Generasi Milenial Terancam Tak Punya Rumah Sendiri, Ini 5 Alasannya!

Editor KapanLagi.com | Minggu, 08 September 2019 06:00 WIB
Generasi Milenial Terancam Tak Punya Rumah Sendiri, Ini 5 Alasannya!

Kapanlagi.com - Suka mengikuti tren dan lumayan konsumtif merupakan salah satu ciri unik kaum milenial. Generasi yang lahir di tahun 80-90an ini dianggap lebih suka menghabiskan uang untuk mendapatkan pengalaman ketimbang menabung atau mengubahnya menjadi bentuk investasi buat masa depan. Nggak heran jika berbagai riset menunjukkan generasi muda susah punya rumah sendiri karena beberapa alasan berikut ini.

Pola Konsumsi Tinggi

Berada di usia yang produktif, sayangnya kaum milenial juga seringkali memiliki tingkat pengeluaran yang tinggi. Nggak sedikit yang memaksakan untuk hidup nyaman dan mengikuti tren padahal penghasilannya terbatas.

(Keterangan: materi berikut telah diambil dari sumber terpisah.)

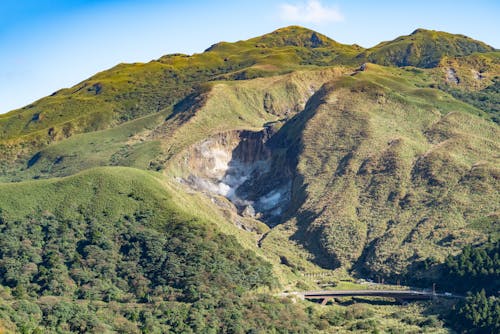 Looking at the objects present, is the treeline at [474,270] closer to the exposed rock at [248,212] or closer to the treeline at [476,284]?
the treeline at [476,284]

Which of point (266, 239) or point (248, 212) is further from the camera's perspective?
point (248, 212)

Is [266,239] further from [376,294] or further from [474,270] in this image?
[474,270]

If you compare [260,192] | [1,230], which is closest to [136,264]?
[1,230]

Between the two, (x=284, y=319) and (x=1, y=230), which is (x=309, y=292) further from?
(x=1, y=230)

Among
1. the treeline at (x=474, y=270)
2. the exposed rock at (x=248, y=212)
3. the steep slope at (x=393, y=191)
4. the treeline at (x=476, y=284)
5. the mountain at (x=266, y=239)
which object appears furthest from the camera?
the exposed rock at (x=248, y=212)

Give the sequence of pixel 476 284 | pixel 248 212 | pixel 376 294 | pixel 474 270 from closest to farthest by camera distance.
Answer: pixel 476 284
pixel 474 270
pixel 376 294
pixel 248 212

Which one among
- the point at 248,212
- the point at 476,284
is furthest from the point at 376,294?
the point at 248,212

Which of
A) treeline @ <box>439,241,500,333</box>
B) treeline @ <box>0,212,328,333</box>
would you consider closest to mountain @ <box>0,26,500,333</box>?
treeline @ <box>0,212,328,333</box>

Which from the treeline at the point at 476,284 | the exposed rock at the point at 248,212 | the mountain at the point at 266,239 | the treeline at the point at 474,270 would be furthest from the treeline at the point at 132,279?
the exposed rock at the point at 248,212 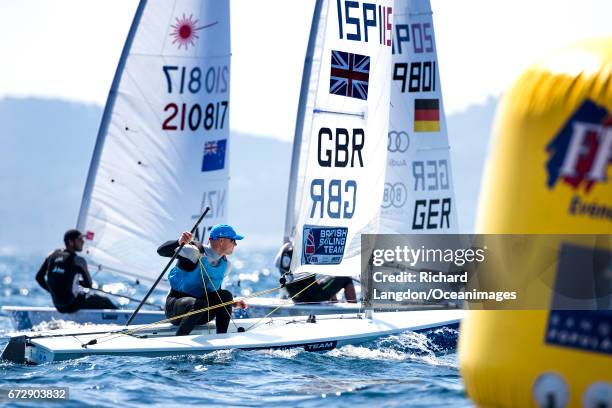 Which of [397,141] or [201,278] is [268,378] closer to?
[201,278]

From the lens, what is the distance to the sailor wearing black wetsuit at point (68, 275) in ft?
37.1

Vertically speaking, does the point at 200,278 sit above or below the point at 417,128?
below

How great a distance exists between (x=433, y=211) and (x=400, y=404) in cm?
714

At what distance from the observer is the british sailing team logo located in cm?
1268

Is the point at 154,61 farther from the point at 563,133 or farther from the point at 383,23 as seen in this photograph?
the point at 563,133

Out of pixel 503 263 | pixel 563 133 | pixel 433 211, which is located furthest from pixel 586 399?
pixel 433 211

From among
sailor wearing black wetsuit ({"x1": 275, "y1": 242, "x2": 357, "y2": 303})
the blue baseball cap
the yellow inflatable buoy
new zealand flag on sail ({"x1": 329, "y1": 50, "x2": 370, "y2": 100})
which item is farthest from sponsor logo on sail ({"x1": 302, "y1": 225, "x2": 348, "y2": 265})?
the yellow inflatable buoy

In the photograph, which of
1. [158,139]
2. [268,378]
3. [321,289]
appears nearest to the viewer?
[268,378]

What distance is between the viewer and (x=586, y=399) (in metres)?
4.03

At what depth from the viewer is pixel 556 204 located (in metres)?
4.13

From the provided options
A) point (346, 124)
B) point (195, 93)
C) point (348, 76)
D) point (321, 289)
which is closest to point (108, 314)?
point (321, 289)

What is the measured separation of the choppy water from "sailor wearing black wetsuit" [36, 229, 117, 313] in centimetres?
328

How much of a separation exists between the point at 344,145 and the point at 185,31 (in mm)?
3174

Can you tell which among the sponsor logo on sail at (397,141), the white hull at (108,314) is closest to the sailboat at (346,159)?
the white hull at (108,314) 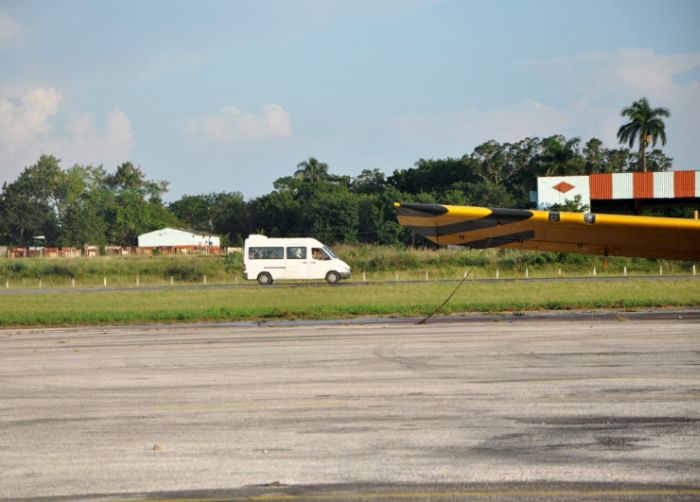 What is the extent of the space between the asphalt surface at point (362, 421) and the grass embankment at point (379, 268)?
3041 cm

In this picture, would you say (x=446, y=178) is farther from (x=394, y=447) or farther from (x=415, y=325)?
(x=394, y=447)

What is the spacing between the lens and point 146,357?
15109 mm

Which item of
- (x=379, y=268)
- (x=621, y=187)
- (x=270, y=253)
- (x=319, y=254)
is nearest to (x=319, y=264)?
(x=319, y=254)

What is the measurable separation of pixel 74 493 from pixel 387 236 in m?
74.0

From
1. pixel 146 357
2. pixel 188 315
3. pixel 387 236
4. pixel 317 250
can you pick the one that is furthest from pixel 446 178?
pixel 146 357

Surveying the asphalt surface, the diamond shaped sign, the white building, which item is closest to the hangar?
the diamond shaped sign

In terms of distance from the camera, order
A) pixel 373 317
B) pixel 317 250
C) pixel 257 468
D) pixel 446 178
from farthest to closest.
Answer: pixel 446 178, pixel 317 250, pixel 373 317, pixel 257 468

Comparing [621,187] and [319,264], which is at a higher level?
[621,187]

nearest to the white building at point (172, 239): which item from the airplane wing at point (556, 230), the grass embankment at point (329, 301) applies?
the grass embankment at point (329, 301)

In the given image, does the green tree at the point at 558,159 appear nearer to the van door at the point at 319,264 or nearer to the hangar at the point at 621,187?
the hangar at the point at 621,187

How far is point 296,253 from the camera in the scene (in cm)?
4497

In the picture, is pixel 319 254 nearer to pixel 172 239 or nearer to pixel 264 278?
pixel 264 278

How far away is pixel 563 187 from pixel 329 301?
28.9 meters

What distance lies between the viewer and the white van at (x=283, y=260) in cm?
4469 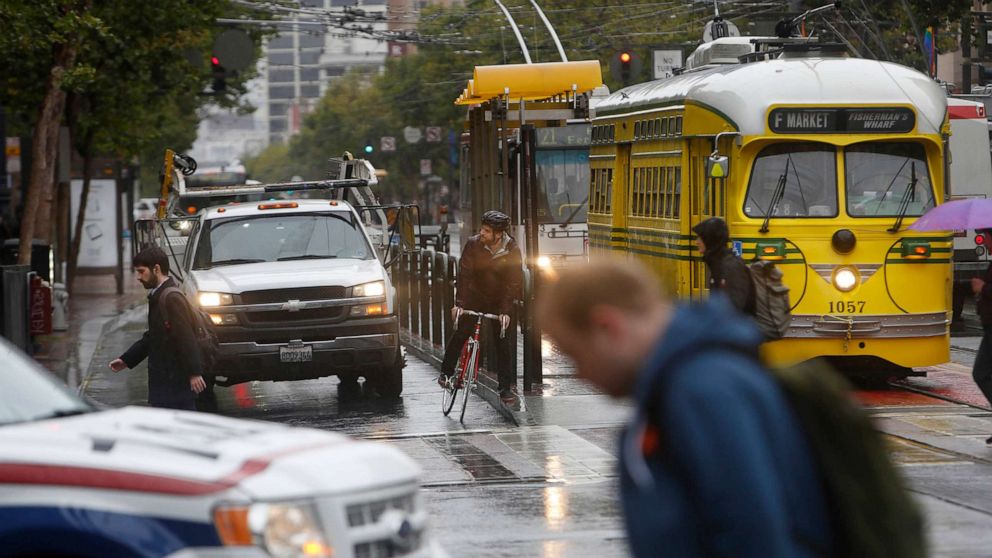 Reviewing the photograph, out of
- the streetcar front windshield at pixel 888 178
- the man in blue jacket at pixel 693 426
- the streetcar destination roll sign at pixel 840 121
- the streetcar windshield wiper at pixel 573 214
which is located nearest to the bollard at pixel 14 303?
the streetcar destination roll sign at pixel 840 121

Bagaimana mau menabung untuk mengajukan KPR atau Kredit Pemilikan Rumah jika kamu masih lebih tergoda membeli smartphone keluaran terbaru atau memilih traveling ke luar negeri demi tujuan pamer. Ubah gaya hidup jadi lebih hemat jika punya niat bulat untuk memiliki rumah sendiri.

Prioritas yang Berbeda

Pilihan sekali lepas cenderung lebih disukai oleh generasi milenial. Contohnya, kamu lebih suka streaming film atau musik ketimbang membeli bentuk fisiknya. Mentalitas ini menunjukkan generasi muda yang lebih suka sistem sewa ketimbang memiliki aset tetap. Memang dianggap lebih efisien di awal karena bisa berhemat, sayangnya uang yang dikumpulkan justru dipakai untuk traveling atau nonton konser ketimbang diinvestasikan.

Fokus pada Masa Kini

Milenial fokus pada masa kini tanpa menyadari kemungkinan produktivitasnya bisa menurun atau bahkan menghilang di masa yang akan datang. Di momen-momen itulah, tabungan jadi andalan untuk biaya sehari-hari.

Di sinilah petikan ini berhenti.